In the first season, we saw him go to extreme measures, which only seemed justified to him, to help the city become safer. But as his story develops, so does his brutality in season three. Now, he is bent on regaining his power and reuniting with his lover, Vanessa Marianna (Ayelet Zurer), fully giving in to his villainous side.
On the contrary, we follow Murdoch’s character of Daredevil recuperate his strength and motivation to fight Fisk, just like Bruce Wayne did in The Dark Knight Rises. However, the story doesn’t just revolve around Daredevil and Fisk. Several new characters are introduced and all, including Murdoch’s friends Foggy (Elden Henson) and Karen Page (Deborah Ann Woll), receive a much more fleshed out treatment in this season.
FBI agent Ben Poindexter (Wilson Bethel) serves as Daredevil’s doppelganger (not a spoiler, as we’ve seen him in the trailer already). However, his role goes beyond that. Instead of focusing on his stunning skillset and fighting capabilities, we unearth his past mental issues and witness what made him the person he is.
We see the showrunner Erik Oleson pit the two mirror characters against each other in Daredevil and Dex – two people who feel abandoned by their loved ones and are struggling to stick to their moral codes.
We also see Page and FBI agent Rahul “Ray” Nadeem (Jay Ali) as mirror images of each other, both feeling unworthy of love because they have hurt their loved ones. Meanwhile, Foggy is stuck in the middle, witnessing everything fall apart and trying to keep it together.
What makes Daredevil arguably the best superhero show today is that there is no clear cut right or wrong, good or bad character. With one-dimensionality thrown out the window, every character’s actions make sense in one way or another.
In his own unique way, even Fisk’s horrific actions are justified. From another standpoint, even Murdoch’s actions can be construed as evil. It’s up to you to decide.
Visually, the show remains as appealing as it has been, with its high production values. But this season has upped the ante. While the first season featured a memorable three-minute hallway fight scene and the second season had a five-minute stairway sequence, the third season offers a 10-minute one-take prison escape sequence in episode four.
With exceptional use of pyrotechnics and practical effects, the scene captures the realism of the riot in such a manner that I’m tempted to say, it might have easily topped the iconic Oldboy (2003) sequence.
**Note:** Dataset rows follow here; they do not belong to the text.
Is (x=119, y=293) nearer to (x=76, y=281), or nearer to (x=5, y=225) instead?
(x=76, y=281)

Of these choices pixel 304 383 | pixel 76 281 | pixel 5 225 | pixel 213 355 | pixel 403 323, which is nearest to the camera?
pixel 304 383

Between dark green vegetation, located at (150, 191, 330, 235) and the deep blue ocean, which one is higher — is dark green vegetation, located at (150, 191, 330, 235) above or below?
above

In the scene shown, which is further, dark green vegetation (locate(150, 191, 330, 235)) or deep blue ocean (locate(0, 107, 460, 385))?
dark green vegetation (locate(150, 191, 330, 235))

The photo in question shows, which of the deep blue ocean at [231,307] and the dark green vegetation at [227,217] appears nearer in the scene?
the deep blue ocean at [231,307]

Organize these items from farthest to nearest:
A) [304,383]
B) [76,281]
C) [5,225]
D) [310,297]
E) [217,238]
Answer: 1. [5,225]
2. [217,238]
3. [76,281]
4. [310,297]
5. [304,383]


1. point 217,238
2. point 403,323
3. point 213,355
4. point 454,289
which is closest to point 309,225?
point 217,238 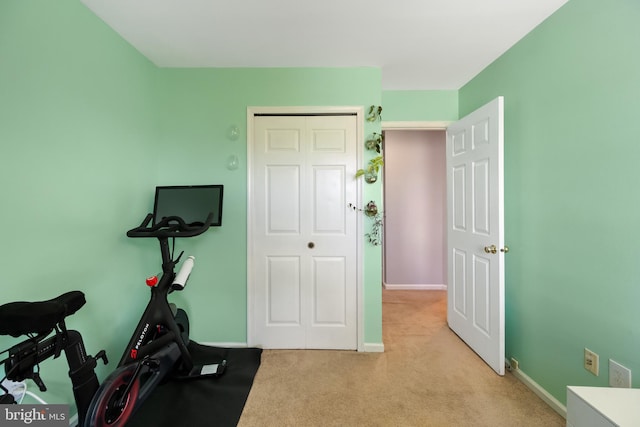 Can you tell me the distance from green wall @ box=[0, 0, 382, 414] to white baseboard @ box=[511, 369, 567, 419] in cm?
101

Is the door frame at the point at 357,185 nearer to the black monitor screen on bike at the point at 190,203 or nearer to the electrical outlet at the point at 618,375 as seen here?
the black monitor screen on bike at the point at 190,203

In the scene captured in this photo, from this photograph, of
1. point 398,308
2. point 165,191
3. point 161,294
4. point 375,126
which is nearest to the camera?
point 161,294

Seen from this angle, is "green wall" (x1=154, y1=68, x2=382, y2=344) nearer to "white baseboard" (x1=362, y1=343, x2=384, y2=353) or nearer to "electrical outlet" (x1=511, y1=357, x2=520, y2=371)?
Answer: "white baseboard" (x1=362, y1=343, x2=384, y2=353)

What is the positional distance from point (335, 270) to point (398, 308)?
1373mm

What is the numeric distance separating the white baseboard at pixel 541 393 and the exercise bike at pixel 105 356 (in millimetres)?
2140

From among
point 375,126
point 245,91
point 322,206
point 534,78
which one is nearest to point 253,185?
point 322,206

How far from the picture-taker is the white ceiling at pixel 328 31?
1464mm

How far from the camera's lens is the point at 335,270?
2.16 metres

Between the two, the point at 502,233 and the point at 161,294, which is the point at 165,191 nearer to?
the point at 161,294

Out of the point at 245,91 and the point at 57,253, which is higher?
the point at 245,91

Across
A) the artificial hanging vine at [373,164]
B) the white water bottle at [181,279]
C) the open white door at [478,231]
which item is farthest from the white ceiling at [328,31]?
the white water bottle at [181,279]

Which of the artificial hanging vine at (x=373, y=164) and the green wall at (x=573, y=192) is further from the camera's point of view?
the artificial hanging vine at (x=373, y=164)

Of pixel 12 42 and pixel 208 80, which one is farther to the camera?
pixel 208 80

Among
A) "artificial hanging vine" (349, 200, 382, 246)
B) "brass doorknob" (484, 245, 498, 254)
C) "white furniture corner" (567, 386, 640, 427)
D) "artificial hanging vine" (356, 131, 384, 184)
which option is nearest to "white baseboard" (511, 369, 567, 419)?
"white furniture corner" (567, 386, 640, 427) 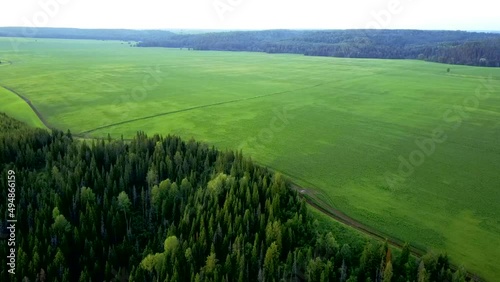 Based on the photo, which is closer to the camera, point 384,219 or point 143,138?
point 384,219

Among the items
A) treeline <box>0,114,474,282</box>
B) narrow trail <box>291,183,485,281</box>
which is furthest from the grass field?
treeline <box>0,114,474,282</box>

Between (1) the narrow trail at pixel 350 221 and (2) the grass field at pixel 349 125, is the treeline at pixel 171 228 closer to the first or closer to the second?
(1) the narrow trail at pixel 350 221

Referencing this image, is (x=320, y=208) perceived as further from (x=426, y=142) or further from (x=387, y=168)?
(x=426, y=142)

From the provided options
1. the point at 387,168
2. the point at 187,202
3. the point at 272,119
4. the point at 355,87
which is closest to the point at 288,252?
the point at 187,202

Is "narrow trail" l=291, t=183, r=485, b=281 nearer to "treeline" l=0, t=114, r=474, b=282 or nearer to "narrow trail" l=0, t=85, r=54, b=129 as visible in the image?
"treeline" l=0, t=114, r=474, b=282

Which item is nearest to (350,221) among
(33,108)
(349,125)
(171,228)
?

Besides that, the scene between Page and Fisk and the entire finale is something that will have you check your accelerating pulse.
In terms of acting, it’s difficult to choose one over the other because all the major and supporting characters deliver performances that resonate long after the show is over.
There is a certain authenticity in which we see Fisk yearn for his lover and Murdoch struggle to maintain mental stability. There is a certain beauty in Page’s emotional growth (we get an entire episode unfolding her past) and Foggy’s dedication to his friends and belief in the law.
Daredevil may still be the “same story, different costume”, but it’s still a pretty fine costume with no loose threads or dropped shoulders.